L’Airone, dunque, è una pubblicazione che si rivolge a coloro che amano la natura e non semplicemente un mensile di natura è di geografia. In altre parole, non abbiamo voluto dar vita a un’ordinata rassegna di geografia, di ecologia e di scienze naturali, ma bensì a un giornale che sia vivo e interessante da leggere per un lettore culturalmente e istintivamente disponibile nei confronti di questi argomenti. Ne è nata una pubblicazione molto articolata, vivace, particolare, adattata alle attese e alle curiosità latenti di una categoria di lettori che speriamo numerosa e sintonizzata sulla nostra lunghezza d’onda.

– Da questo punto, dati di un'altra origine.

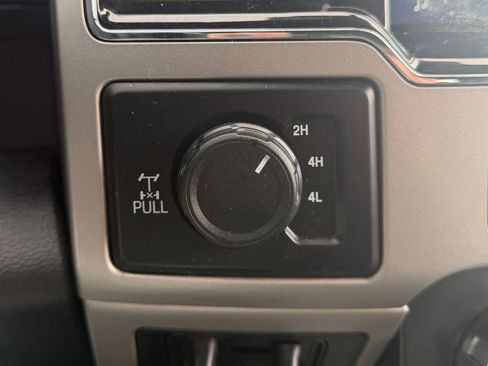 Used 2022 Ford F250 Lariat w/ Black Appearance Package image 26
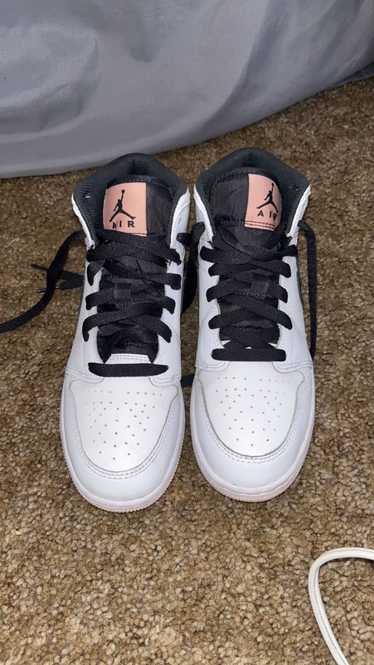 Jordan Brand × Nike Jordan 1 mid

Noi, quindi, speriamo che l’Airone abbia le carte in regola per rappresentare un episodio culturale di un certo rilievo, per contribuire a diffondere una mentalità naturalistica ed ecologica e a riorientare l’attenzione del pubblico verso il sapere scientifico. Soltanto il tempo potrà dire se queste ambizioni sono fondate.
(via email)
Caro direttore, Mi piace segnalare, per la tua curiosa e studiosa comunità, un approfondimento della biografia del bravissimo fotoreporter Daniele Pellegrini: anche il nonno di Daniele, come il grande padre Lino, era stato giornalista. Battista Pellegrini (figlio del senatore Clemente), nato a Venezia nel 1875, era stato stretto collaboratore del presidente del Consiglio Zanardelli. Nel 1907 scrisse e pubblicò un volume illustrato, intitolato “Verso la guerra”, sul quale prevedeva il mutamento di alleanze dell’Italia, con relative conseguenze, promosse l’espansione italiana nelle colonie. Fu, per un breve periodo, direttore del Secolo XIX, poi, sempre giornalista, specializzato nel campo politico-economico. Corrispondente dall’Italia, per lunghi anni, dei quotidiani di Buenos Aires La Razòn e Clarìn. Titolare della rubrica dell’EIAR (ex RAI) Avvenimenti e problemi. Quando morì, nel 1956, era ancora corrispondente (con due servizi telegrafici alla settimana) del Clarìn.